DIRECTIONS:
An exact reproduction of the lines below, from the first through the one with "Fototapeta na wymiar", is the whole answer; pictures have no place in it.

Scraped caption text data
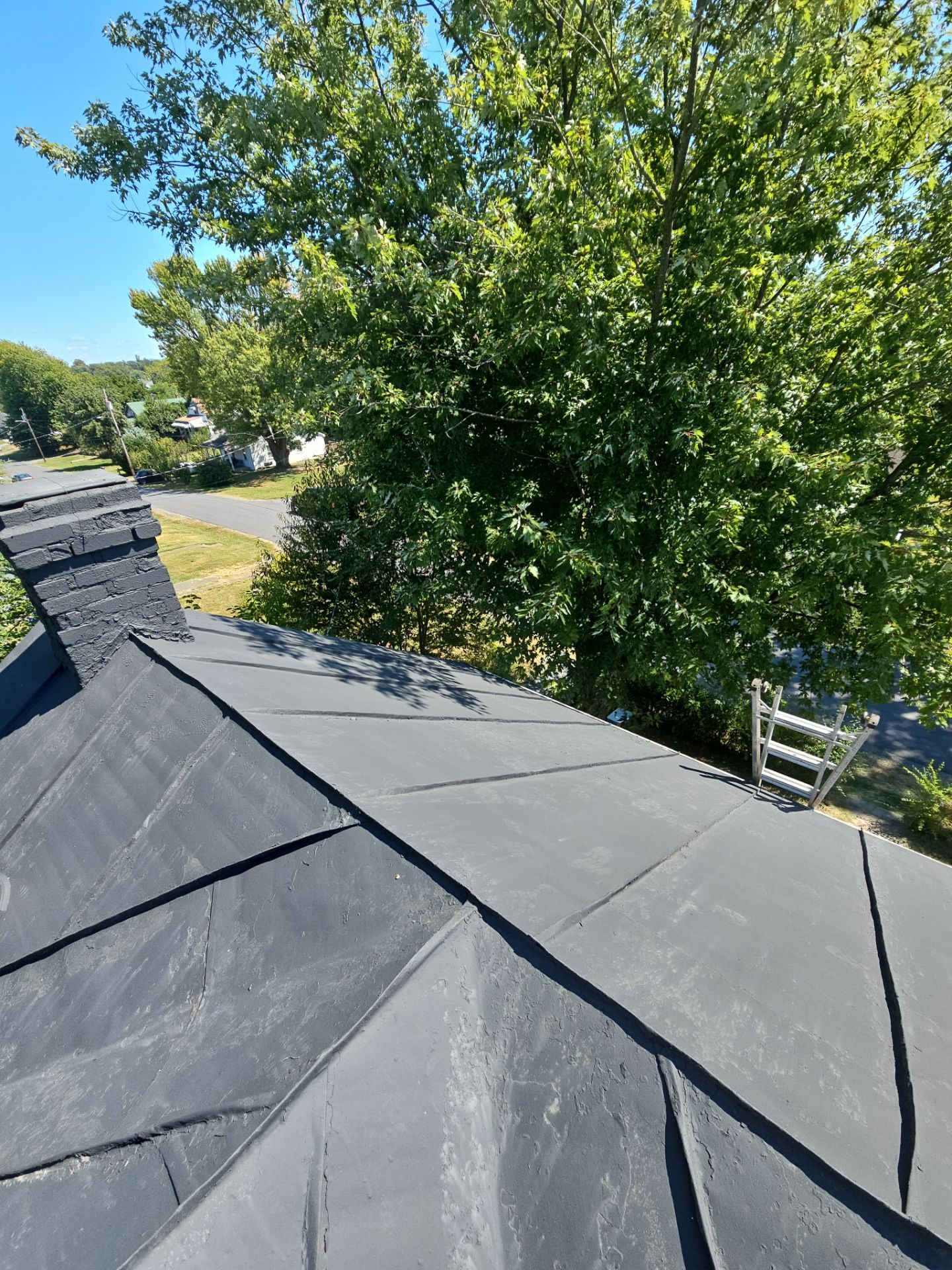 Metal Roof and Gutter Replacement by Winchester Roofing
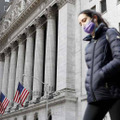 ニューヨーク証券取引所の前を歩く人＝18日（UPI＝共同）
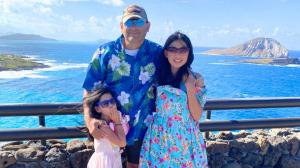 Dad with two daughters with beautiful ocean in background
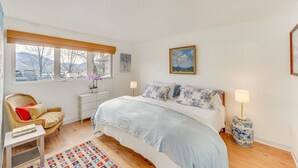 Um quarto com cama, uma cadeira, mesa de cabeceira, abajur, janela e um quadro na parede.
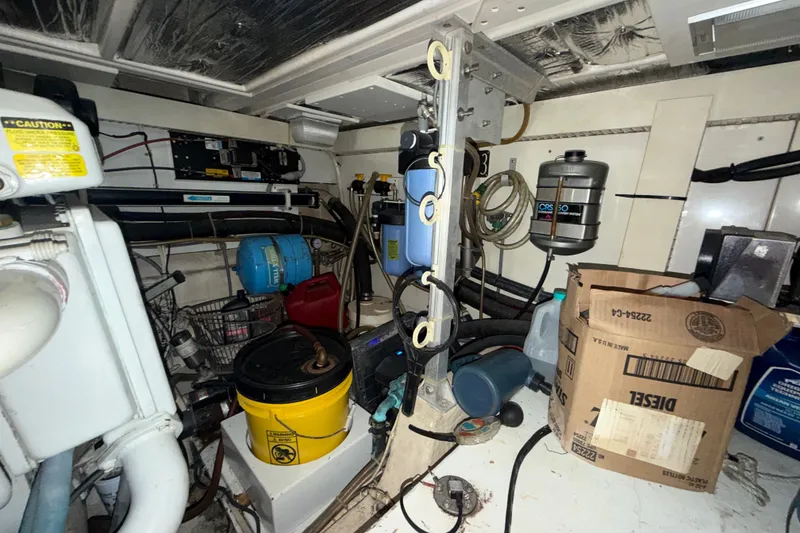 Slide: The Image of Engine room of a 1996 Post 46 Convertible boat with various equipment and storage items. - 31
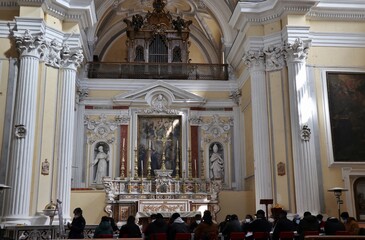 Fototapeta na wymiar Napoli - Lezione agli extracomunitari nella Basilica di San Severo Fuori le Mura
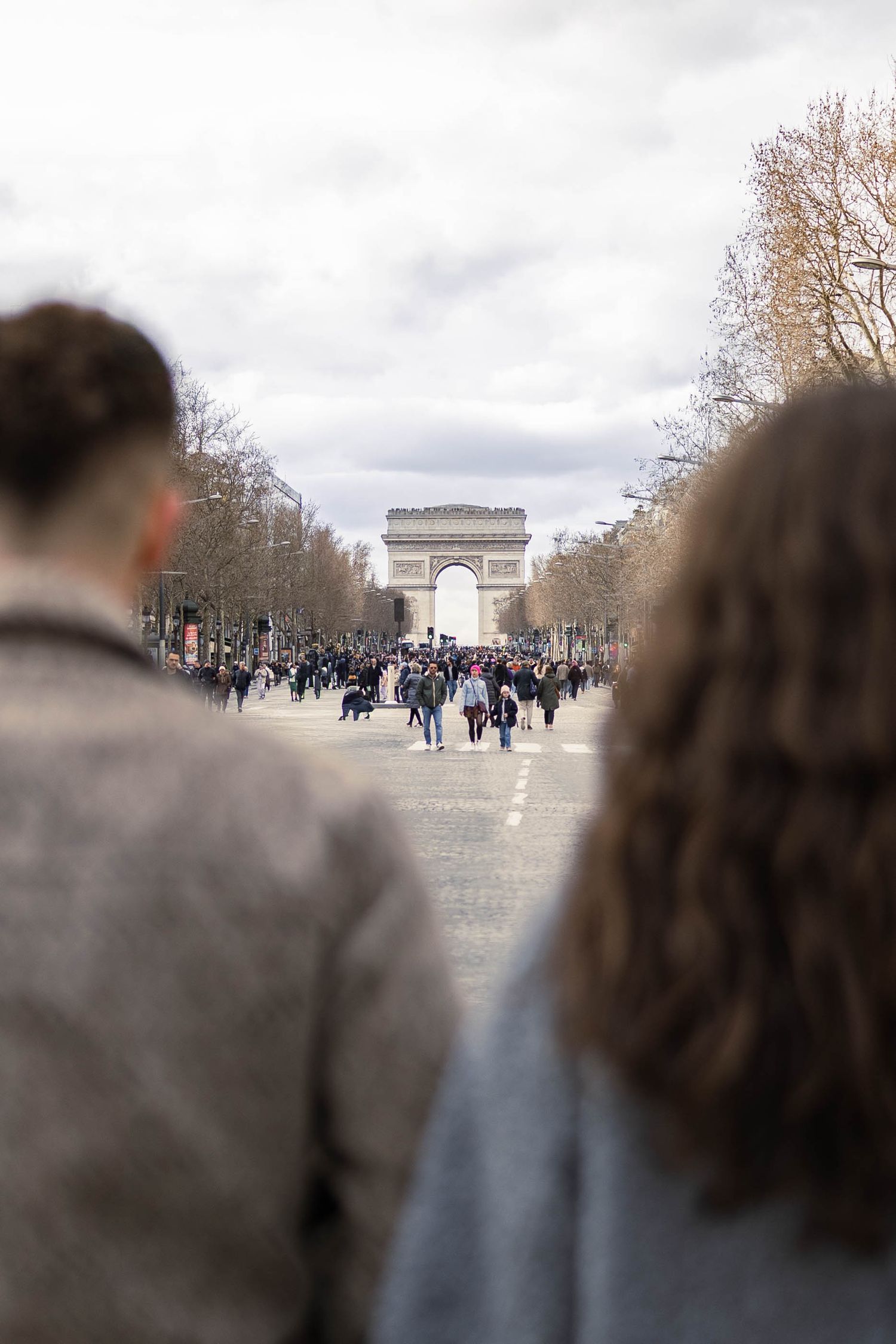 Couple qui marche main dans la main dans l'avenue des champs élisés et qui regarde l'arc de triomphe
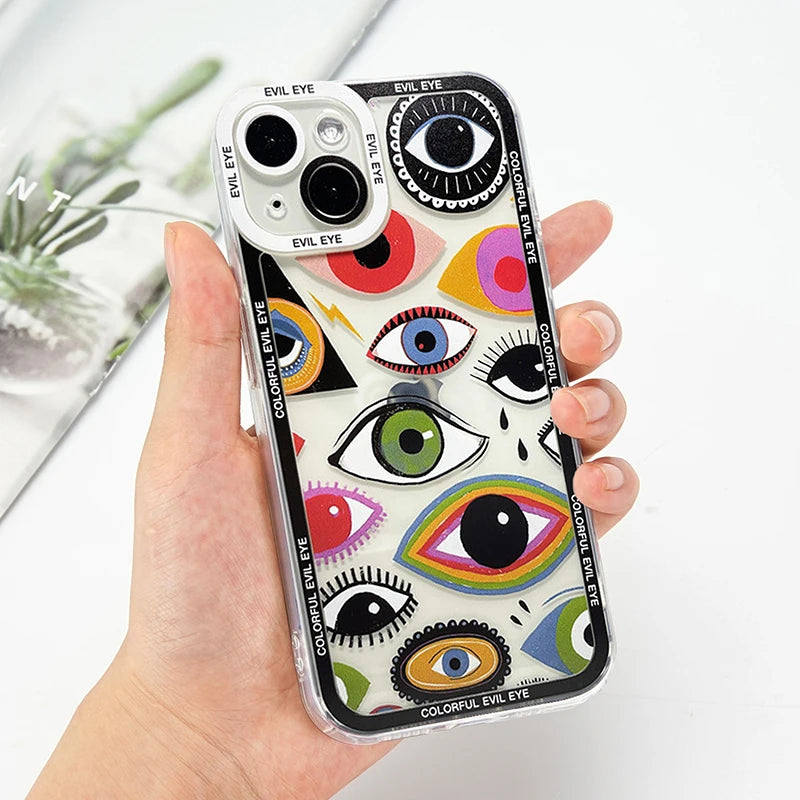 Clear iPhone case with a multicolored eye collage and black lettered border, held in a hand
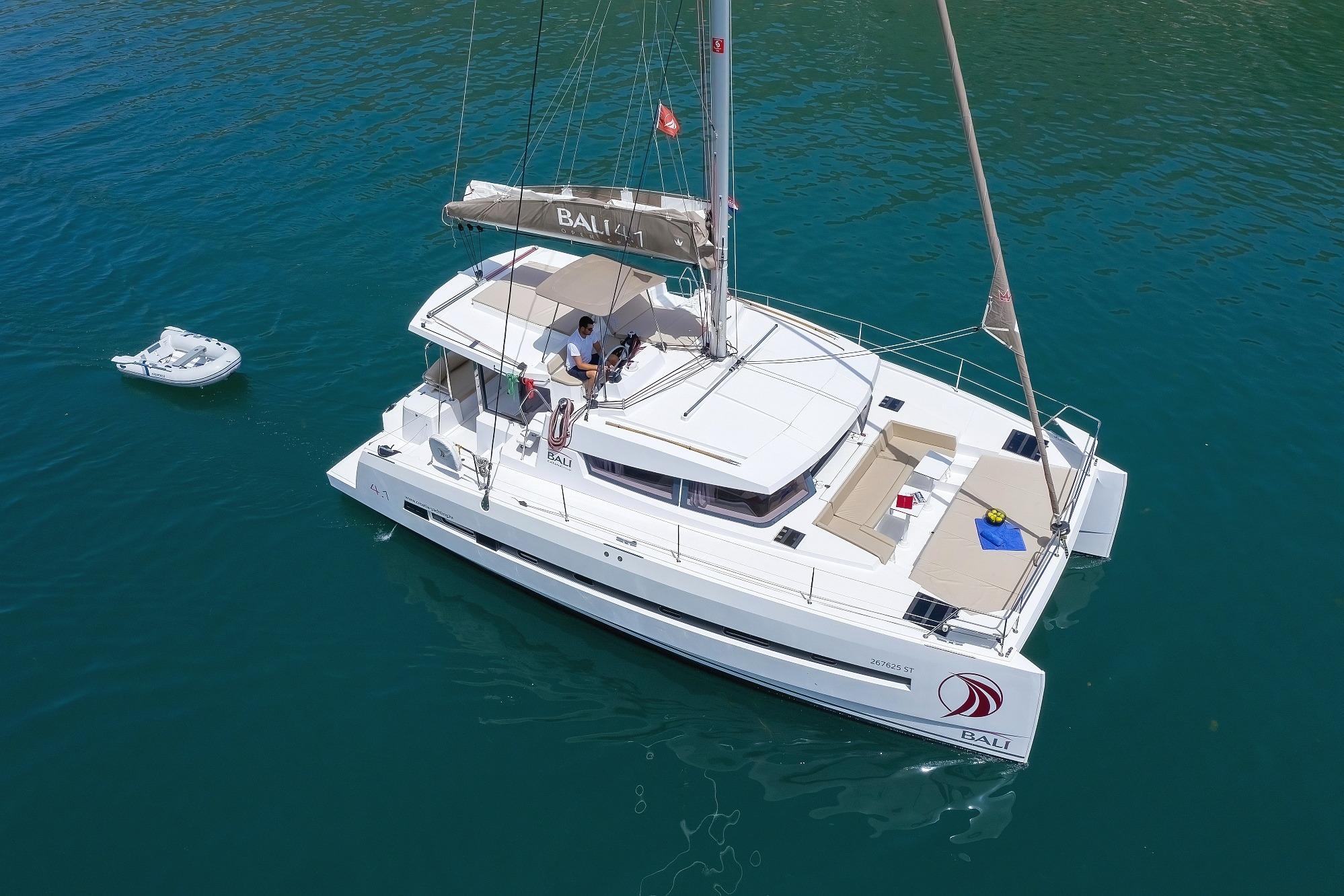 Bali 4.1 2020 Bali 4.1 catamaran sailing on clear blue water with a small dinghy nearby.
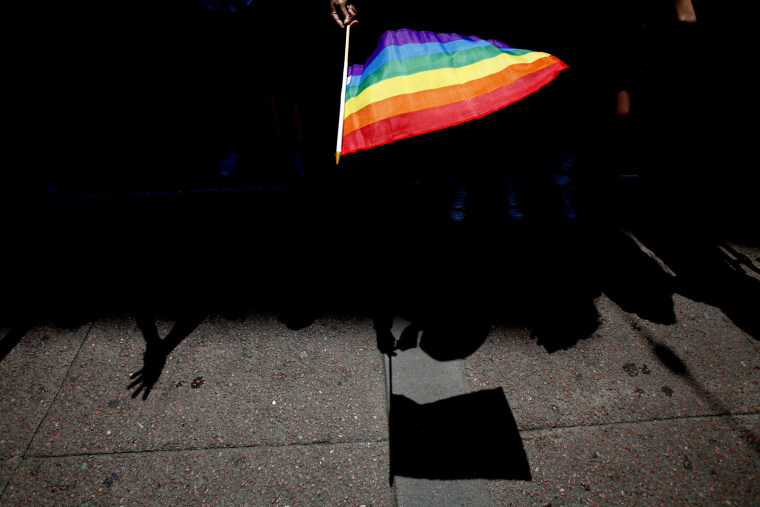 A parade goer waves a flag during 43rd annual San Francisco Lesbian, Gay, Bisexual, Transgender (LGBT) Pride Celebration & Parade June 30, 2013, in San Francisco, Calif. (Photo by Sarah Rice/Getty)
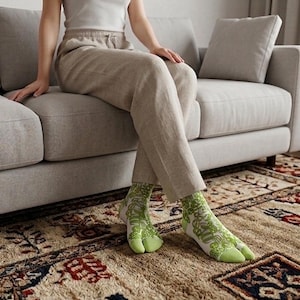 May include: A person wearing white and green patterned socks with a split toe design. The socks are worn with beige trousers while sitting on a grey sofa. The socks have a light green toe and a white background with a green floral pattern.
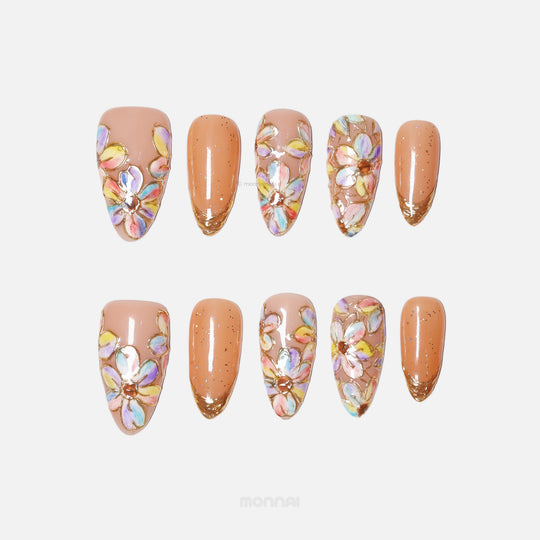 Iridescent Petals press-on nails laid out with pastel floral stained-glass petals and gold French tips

THE COMPLETED TASK:
 Metal Roof and Gutter Replacement by Winchester Roofing
 ニューヨーク証券取引所の前を歩く人＝18日（UPI＝共同）
 Dad with two daughters with beautiful ocean in background
 Um quarto com cama, uma cadeira, mesa de cabeceira, abajur, janela e um quadro na parede.
 Slide: The Image of Engine room of a 1996 Post 46 Convertible boat with various equipment and storage items. - 31
 Fototapeta na wymiar Napoli - Lezione agli extracomunitari nella Basilica di San Severo Fuori le Mura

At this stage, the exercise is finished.